Lord Kelvin (mathematician, physicist, engineer, 1824-1907) knew that measuring accurately was the key to reliable, publishable results.
Cells are intrinsic to proliferation, gene expression, and cytotoxicity studies. If your counts are consistent in cell culture QC, passaging, and seeding you’ve already made a big contribution towards minimizing variability. Accurate confluence measurements are vital to help ensure your cells are ready for your experiments, and they may even dictate whether you can proceed with downstream applications. Accurate viability counts are the cornerstone of any end-point or kinetic assays. Those counts become results that may govern your next steps, or even conclude a study.

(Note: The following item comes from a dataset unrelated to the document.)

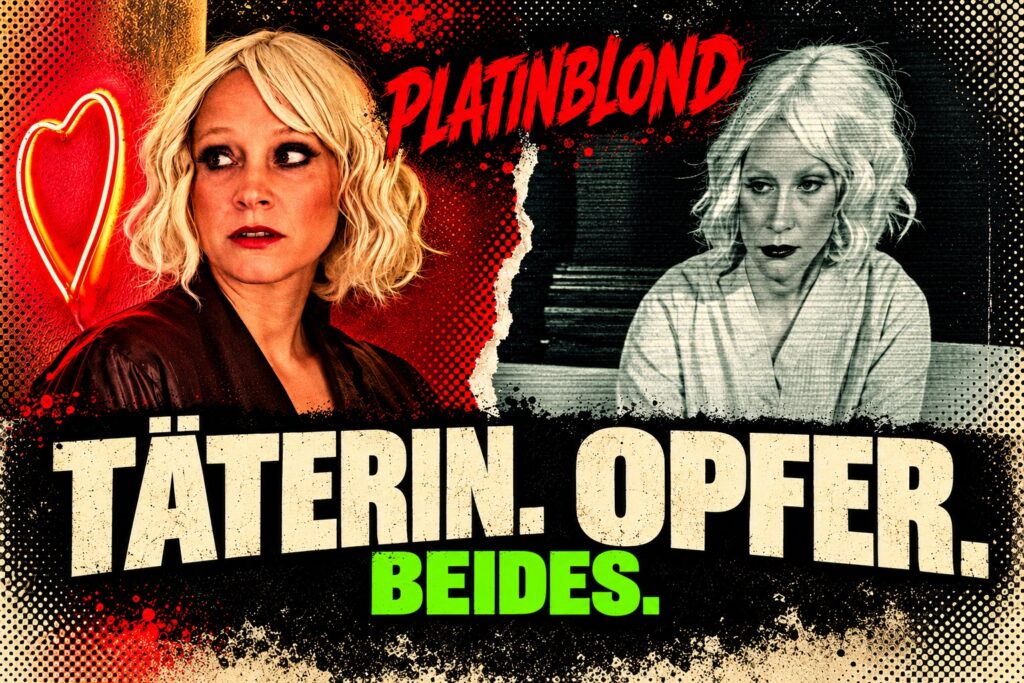 Zwei Produktionsfotos aus „Platinblond“ zeigen Ruth Ellis: links glamourös vor einem roten Neonherz, rechts in Gefängniskleidung als schwarz-weißes Überwachungsbild. Darüber steht „Platinblond“, darunter „Täterin. Opfer. Beides.“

Even small variations at each touch-point can accumulate to cause statistically significant differences across runs and throughout experiments. If the cell concentration in the hemocytometer is too low, then the number of cells in the counting field might not represent the actual concentration in the culture. If it’s too high, counting is difficult both because of the density of cells and cell aggregation. All of these can contribute to inconsistent data.
Experimental variations are rarely due to true human error – scientists are careful, meticulous people and nobody likes to repeat experiments unnecessarily. But even with the most stringent protocols and guidelines manual cell counting and confluence assessment still rely on individual interpretation. If there are a lot of cell clusters or debris, it can be especially difficult to get consistent results.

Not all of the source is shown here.